>>>

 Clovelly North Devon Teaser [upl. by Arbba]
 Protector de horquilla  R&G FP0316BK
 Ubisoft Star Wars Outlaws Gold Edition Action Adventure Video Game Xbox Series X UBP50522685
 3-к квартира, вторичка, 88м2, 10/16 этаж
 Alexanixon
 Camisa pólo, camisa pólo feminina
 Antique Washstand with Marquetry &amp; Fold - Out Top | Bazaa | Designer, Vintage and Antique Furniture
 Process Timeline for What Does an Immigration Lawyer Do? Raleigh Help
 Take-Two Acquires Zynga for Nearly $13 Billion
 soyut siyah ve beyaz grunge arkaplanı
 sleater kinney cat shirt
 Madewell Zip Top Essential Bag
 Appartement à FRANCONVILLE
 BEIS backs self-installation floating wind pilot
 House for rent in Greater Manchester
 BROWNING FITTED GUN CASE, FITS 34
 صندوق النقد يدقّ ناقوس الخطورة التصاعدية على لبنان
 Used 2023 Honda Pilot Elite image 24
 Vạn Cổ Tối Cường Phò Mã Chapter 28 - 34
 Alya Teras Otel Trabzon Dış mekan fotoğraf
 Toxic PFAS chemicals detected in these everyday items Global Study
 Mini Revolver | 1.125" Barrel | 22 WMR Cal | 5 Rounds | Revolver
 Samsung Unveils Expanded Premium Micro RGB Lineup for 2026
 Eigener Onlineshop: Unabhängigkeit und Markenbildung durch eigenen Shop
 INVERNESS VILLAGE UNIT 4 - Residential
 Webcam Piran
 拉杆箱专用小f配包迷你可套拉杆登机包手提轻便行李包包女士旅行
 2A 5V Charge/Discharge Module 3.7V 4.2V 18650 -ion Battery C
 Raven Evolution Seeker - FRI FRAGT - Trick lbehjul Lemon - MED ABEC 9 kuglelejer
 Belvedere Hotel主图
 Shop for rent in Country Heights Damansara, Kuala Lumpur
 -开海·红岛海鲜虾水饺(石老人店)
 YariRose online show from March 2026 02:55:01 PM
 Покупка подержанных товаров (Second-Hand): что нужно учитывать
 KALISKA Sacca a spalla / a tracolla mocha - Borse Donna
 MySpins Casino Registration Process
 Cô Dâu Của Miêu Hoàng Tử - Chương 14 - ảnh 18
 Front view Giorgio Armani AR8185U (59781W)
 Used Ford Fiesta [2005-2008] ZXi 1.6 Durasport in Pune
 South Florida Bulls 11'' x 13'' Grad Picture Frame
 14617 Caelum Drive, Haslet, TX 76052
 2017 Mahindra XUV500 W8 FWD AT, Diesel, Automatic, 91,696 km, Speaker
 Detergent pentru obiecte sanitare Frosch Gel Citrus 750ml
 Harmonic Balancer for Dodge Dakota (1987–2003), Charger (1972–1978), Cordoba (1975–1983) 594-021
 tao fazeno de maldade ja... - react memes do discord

<<<

- _Exercise details_: Transcribe every entry exactly, omitting nothing.

- _Task result_:
 Clovelly North Devon Teaser [upl. by Arbba]
 Protector de horquilla  R&G FP0316BK
 Ubisoft Star Wars Outlaws Gold Edition Action Adventure Video Game Xbox Series X UBP50522685
 3-к квартира, вторичка, 88м2, 10/16 этаж
 Alexanixon
 Camisa pólo, camisa pólo feminina
 Antique Washstand with Marquetry &amp; Fold - Out Top | Bazaa | Designer, Vintage and Antique Furniture
 Process Timeline for What Does an Immigration Lawyer Do? Raleigh Help
 Take-Two Acquires Zynga for Nearly $13 Billion
 soyut siyah ve beyaz grunge arkaplanı
 sleater kinney cat shirt
 Madewell Zip Top Essential Bag
 Appartement à FRANCONVILLE
 BEIS backs self-installation floating wind pilot
 House for rent in Greater Manchester
 BROWNING FITTED GUN CASE, FITS 34
 صندوق النقد يدقّ ناقوس الخطورة التصاعدية على لبنان
 Used 2023 Honda Pilot Elite image 24
 Vạn Cổ Tối Cường Phò Mã Chapter 28 - 34
 Alya Teras Otel Trabzon Dış mekan fotoğraf
 Toxic PFAS chemicals detected in these everyday items Global Study
 Mini Revolver | 1.125" Barrel | 22 WMR Cal | 5 Rounds | Revolver
 Samsung Unveils Expanded Premium Micro RGB Lineup for 2026
 Eigener Onlineshop: Unabhängigkeit und Markenbildung durch eigenen Shop
 INVERNESS VILLAGE UNIT 4 - Residential
 Webcam Piran
 拉杆箱专用小f配包迷你可套拉杆登机包手提轻便行李包包女士旅行
 2A 5V Charge/Discharge Module 3.7V 4.2V 18650 -ion Battery C
 Raven Evolution Seeker - FRI FRAGT - Trick lbehjul Lemon - MED ABEC 9 kuglelejer
 Belvedere Hotel主图
 Shop for rent in Country Heights Damansara, Kuala Lumpur
 -开海·红岛海鲜虾水饺(石老人店)
 YariRose online show from March 2026 02:55:01 PM
 Покупка подержанных товаров (Second-Hand): что нужно учитывать
 KALISKA Sacca a spalla / a tracolla mocha - Borse Donna
 MySpins Casino Registration Process
 Cô Dâu Của Miêu Hoàng Tử - Chương 14 - ảnh 18
 Front view Giorgio Armani AR8185U (59781W)
 Used Ford Fiesta [2005-2008] ZXi 1.6 Durasport in Pune
 South Florida Bulls 11'' x 13'' Grad Picture Frame
 14617 Caelum Drive, Haslet, TX 76052
 2017 Mahindra XUV500 W8 FWD AT, Diesel, Automatic, 91,696 km, Speaker
 Detergent pentru obiecte sanitare Frosch Gel Citrus 750ml
 Harmonic Balancer for Dodge Dakota (1987–2003), Charger (1972–1978), Cordoba (1975–1983) 594-021
 tao fazeno de maldade ja... - react memes do discord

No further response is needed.